▶ **WORK INSTRUCTIONS**
Keep to one stretch of the data below, the lines from the one with "Bark Wreath Toss Dog Toy" up to and including the one with "メンズオリシャン(メガオリシャン)のオリシャン、オリジナルシャンパン B-75", and return that stretch exactly.

━━ DATASET EXCERPTS ━━

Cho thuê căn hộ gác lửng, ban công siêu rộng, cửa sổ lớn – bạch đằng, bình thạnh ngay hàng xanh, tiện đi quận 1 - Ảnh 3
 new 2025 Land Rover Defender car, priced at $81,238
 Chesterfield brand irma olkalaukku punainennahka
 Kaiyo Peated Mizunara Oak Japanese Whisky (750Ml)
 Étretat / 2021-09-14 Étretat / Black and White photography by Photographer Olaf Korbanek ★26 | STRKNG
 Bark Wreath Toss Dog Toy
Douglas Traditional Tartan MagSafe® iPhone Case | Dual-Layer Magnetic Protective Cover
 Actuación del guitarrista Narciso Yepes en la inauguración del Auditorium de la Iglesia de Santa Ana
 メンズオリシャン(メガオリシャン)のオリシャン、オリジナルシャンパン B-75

━━━
━━ DATASET EXCERPTS ━━

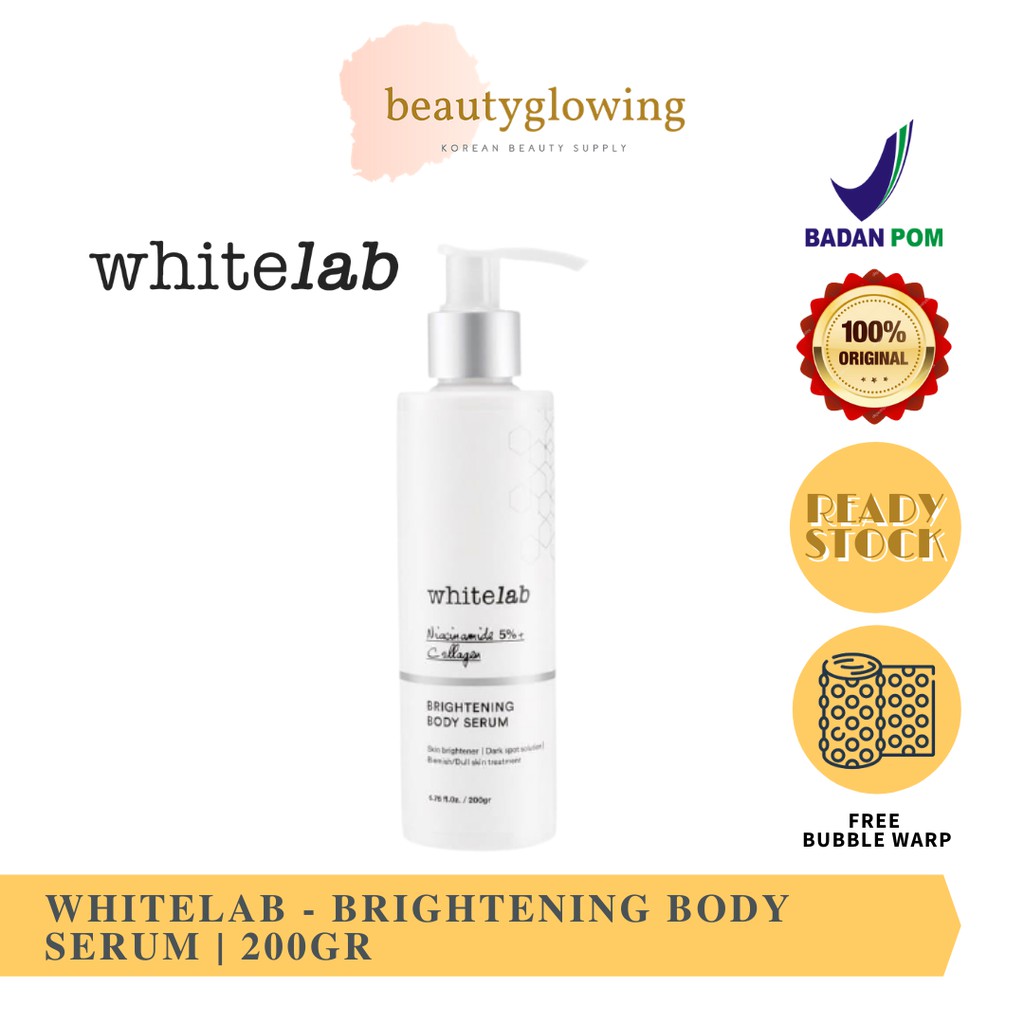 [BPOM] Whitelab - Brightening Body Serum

━━━

▶ **EXERCISE RESULT**
 Bark Wreath Toss Dog Toy
Douglas Traditional Tartan MagSafe® iPhone Case | Dual-Layer Magnetic Protective Cover
 Actuación del guitarrista Narciso Yepes en la inauguración del Auditorium de la Iglesia de Santa Ana
 メンズオリシャン(メガオリシャン)のオリシャン、オリジナルシャンパン B-75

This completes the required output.